Dayle Green describes the initiatives put in place by a Nottinghamshire Gallery to provide creative experiences for all children
After more than a year where many children have missed out on creative and learning experiences, summer holiday activities will play an important part in tackling that disruption.
Schooling has been a bit of a roller coaster since the spring of 2020, with anecdotal evidence showing that many have not only missed out on learning opportunities but lost out on being with others.
The addition of summer schools and holiday activities for children this year will go some way to helping make up for lost time, filling educational gaps and boosting wellbeing. For those with children who often face barriers to inclusion due to their special educational needs, there is also the possibility they may have similar challenges accessing school holiday programmes.

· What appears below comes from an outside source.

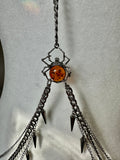 Giant Sterling Amber Spider Spiked Bodychain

However, it needn’t be difficult. There are a number of new schemes this year where parents can book days of activities, giving children the opportunity to try out new things.
Activities organised by the Learning Team at The Harley Gallery in Nottinghamshire, for example, aim to have a broader benefit for all children taking part, whatever their creative, learning or physical abilities.

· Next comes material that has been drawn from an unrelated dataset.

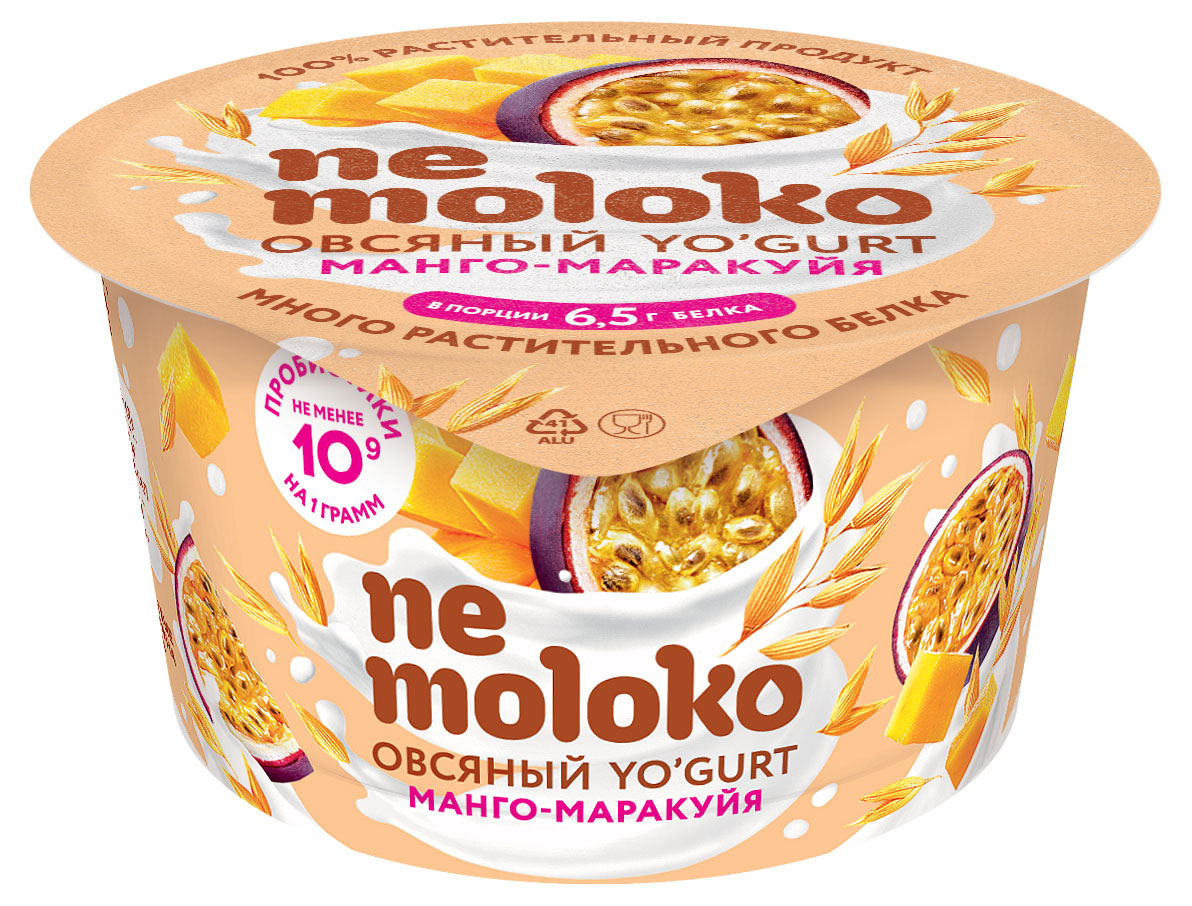 Продукт овсяный Nemoloko манго маракуйя для детей старше 3х лет 5%, 130 г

Engagement with education relies on different approaches. The team believes that art makes life better. Art can give so much enjoyment, both in making and looking, and it also helps us to understand ourselves and others better.
Learning outside the classroom offers the chance to learn more, experience learning in a different setting and meet others. They offer experiences that will capture the imagination, with opportunities to get hands-on and learn practical making skills.
The workshops and activities at The Harley Gallery are tailored each time to meet the needs of those participants attending so that, whatever their age or ability, they will get something out of the programme.
Logistical barriers can be overcome to embrace creativity. The enriched programme is devised to give youngsters the opportunity to learn new creative skills, whilst meeting others and having fun. It is about helping children who missed out on meaningful experiences over the past year, and helping them have fun exploring different ways to get creative.
With ages ranging from 4 through to 12 years, each child has different levels of needs and work at different learning speeds. That doesn’t matter. They don’t even need to complete all the challenges set. All have the opportunity to be creative in some form and learn something new.
“After a year where we have been unable to host activities like this, we are excited to be able to welcome youngsters back over the summer,” says Ruth Waller, who will be leading the Summer School at the gallery.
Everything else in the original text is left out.